What is required — Every line of the material is to be transcribed verbatim, with images omitted.

Dataset excerpt —

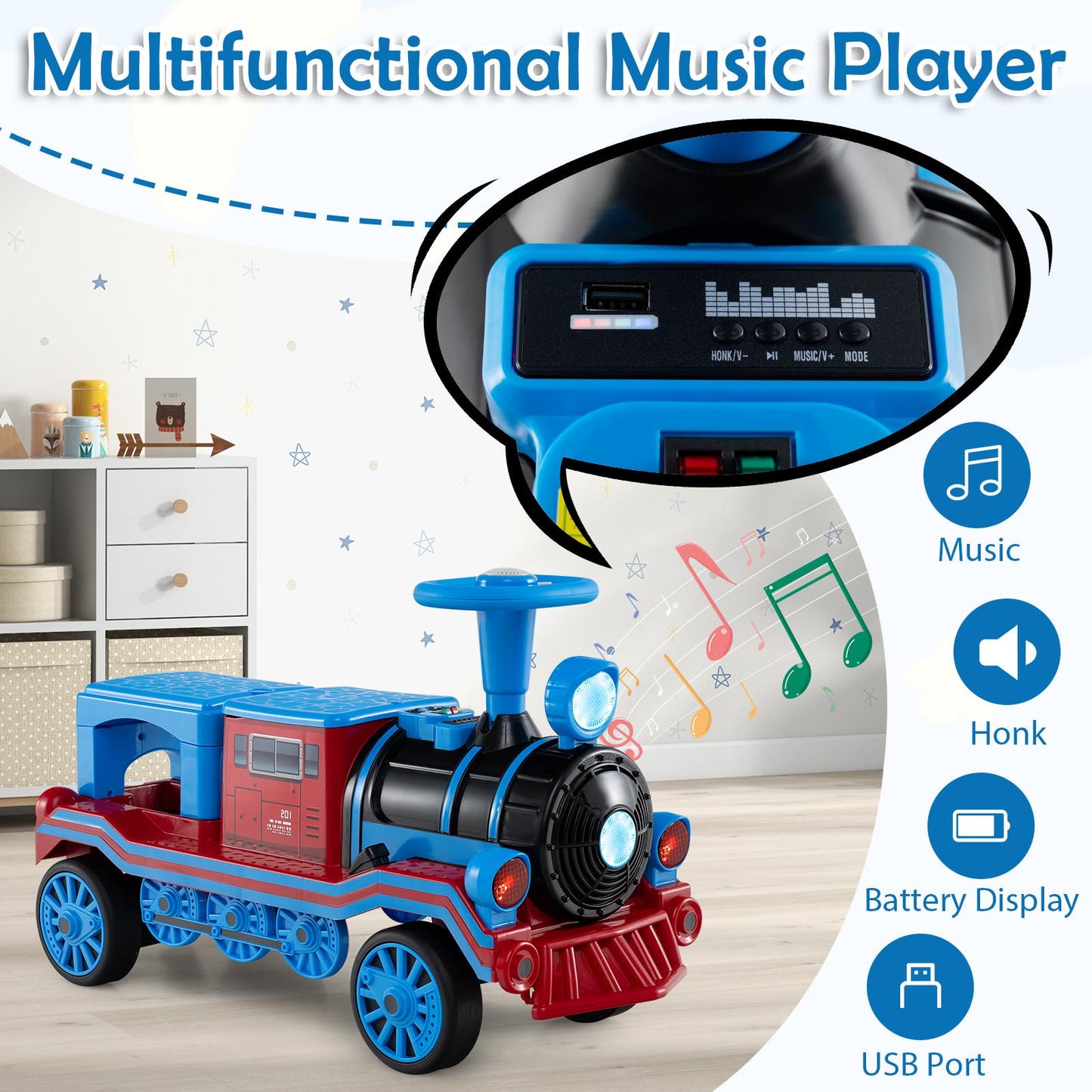 3-Seater Trackless Ride-On Train 12V with Removable Chairs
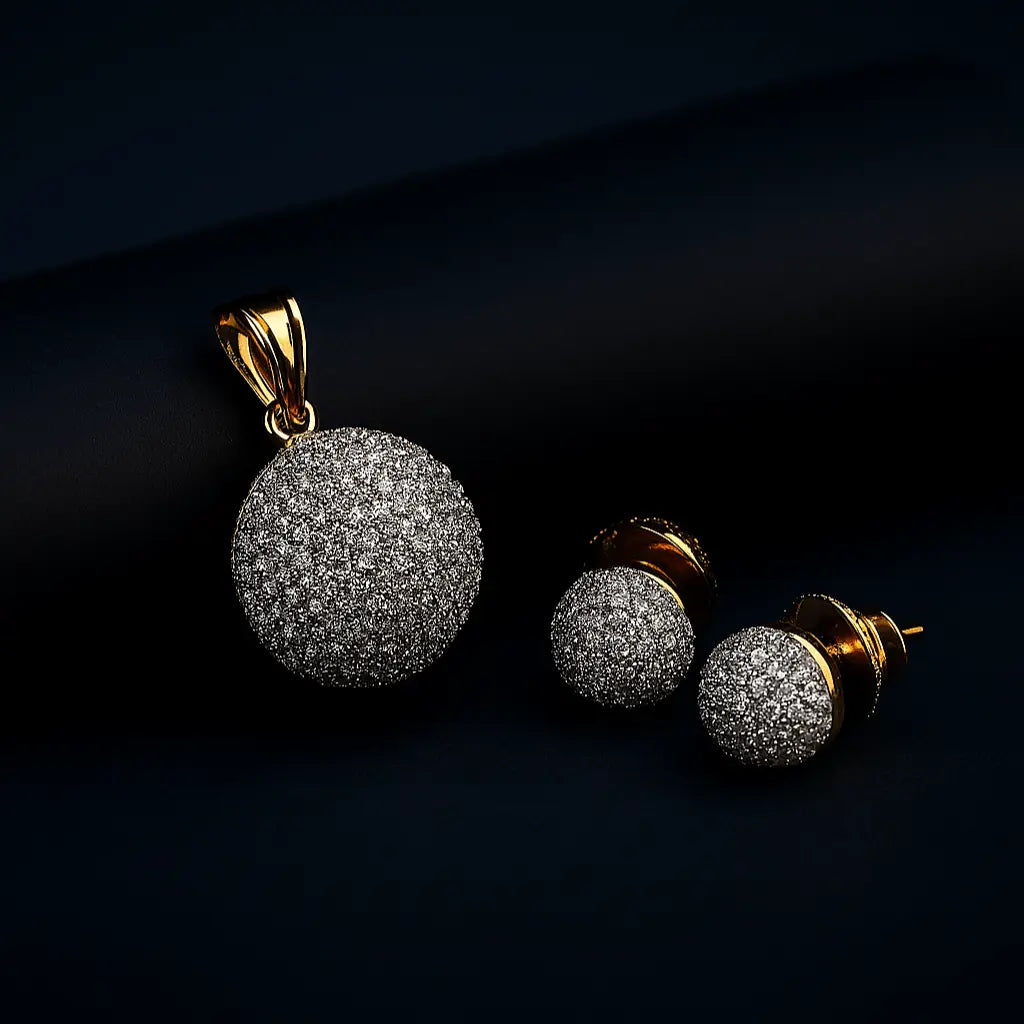 Micro Setting AD Pendant Golden Set – Gold - Plated Brass Jewellery with Matching Earrings - LAVISH JEWELSPendant Sets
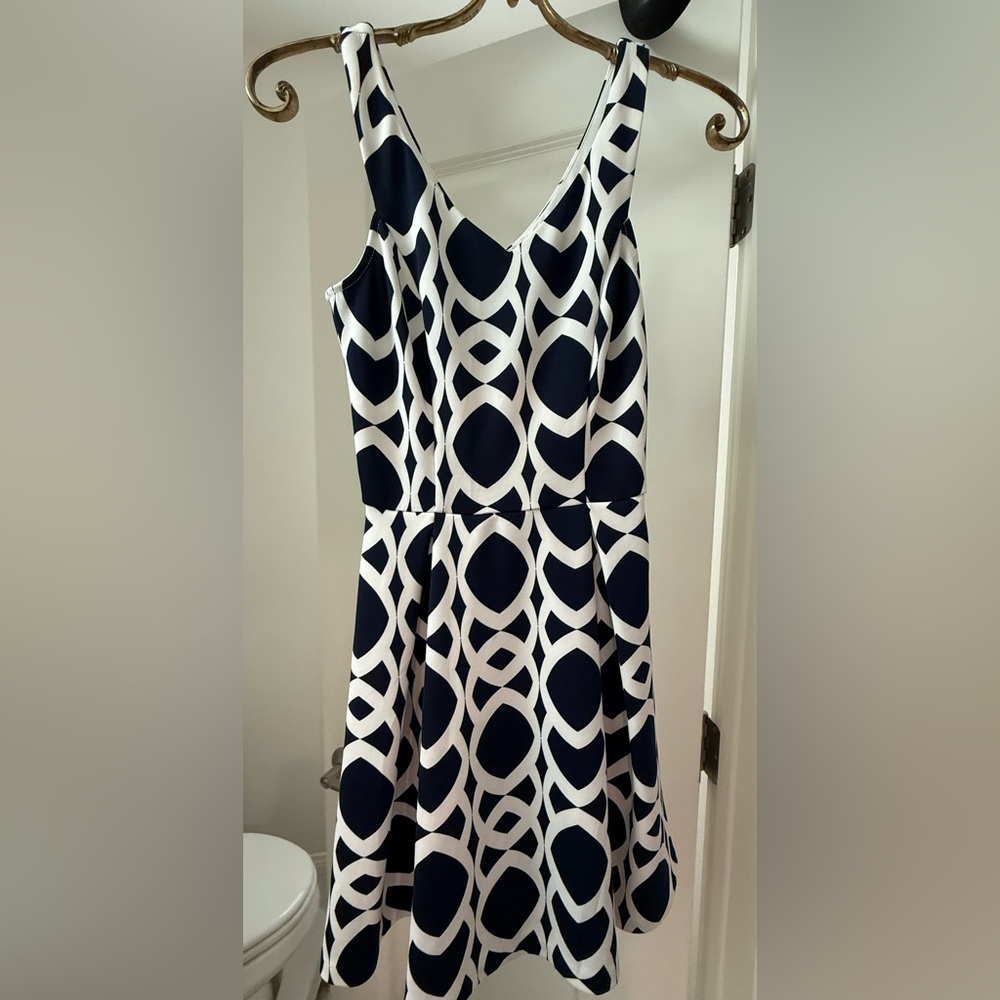Aqua Navy and White Geometric Mini Dress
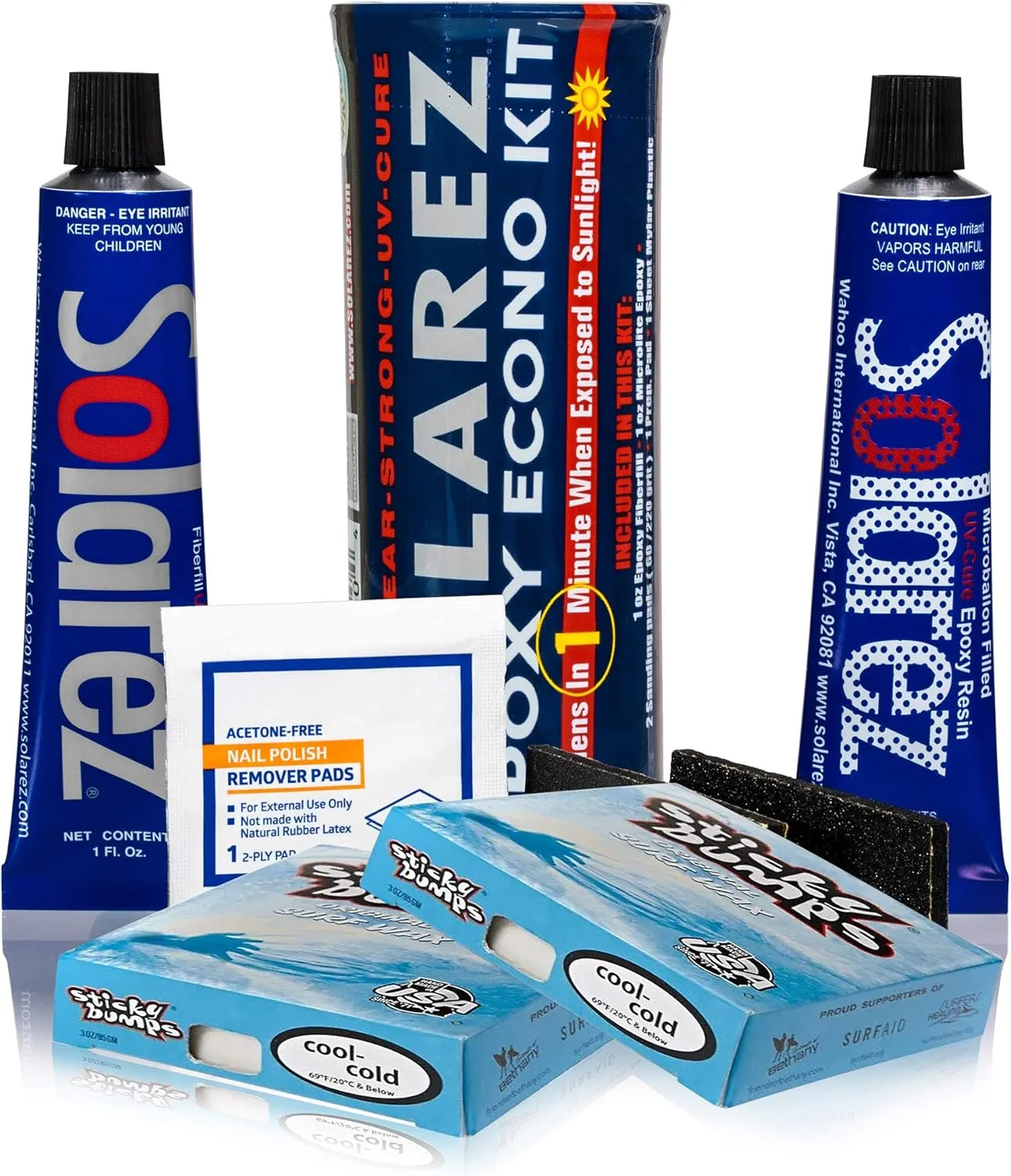 SOLAREZ EPOXY Econo Gift KIT   Sticky Bumps WAX! ~ UV Cure Epoxy Surfboard, SUP, Wakeboard Repair w/ Epoxy Fiberfill Putty   Microlite Epoxy Putty   2 Grit Sand Pads   Acetone Prep-Pad   Cool/Cold WAX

Result for this task —
 3-Seater Trackless Ride-On Train 12V with Removable Chairs
 Micro Setting AD Pendant Golden Set – Gold - Plated Brass Jewellery with Matching Earrings - LAVISH JEWELSPendant Sets
Aqua Navy and White Geometric Mini Dress
 SOLAREZ EPOXY Econo Gift KIT   Sticky Bumps WAX! ~ UV Cure Epoxy Surfboard, SUP, Wakeboard Repair w/ Epoxy Fiberfill Putty   Microlite Epoxy Putty   2 Grit Sand Pads   Acetone Prep-Pad   Cool/Cold WAX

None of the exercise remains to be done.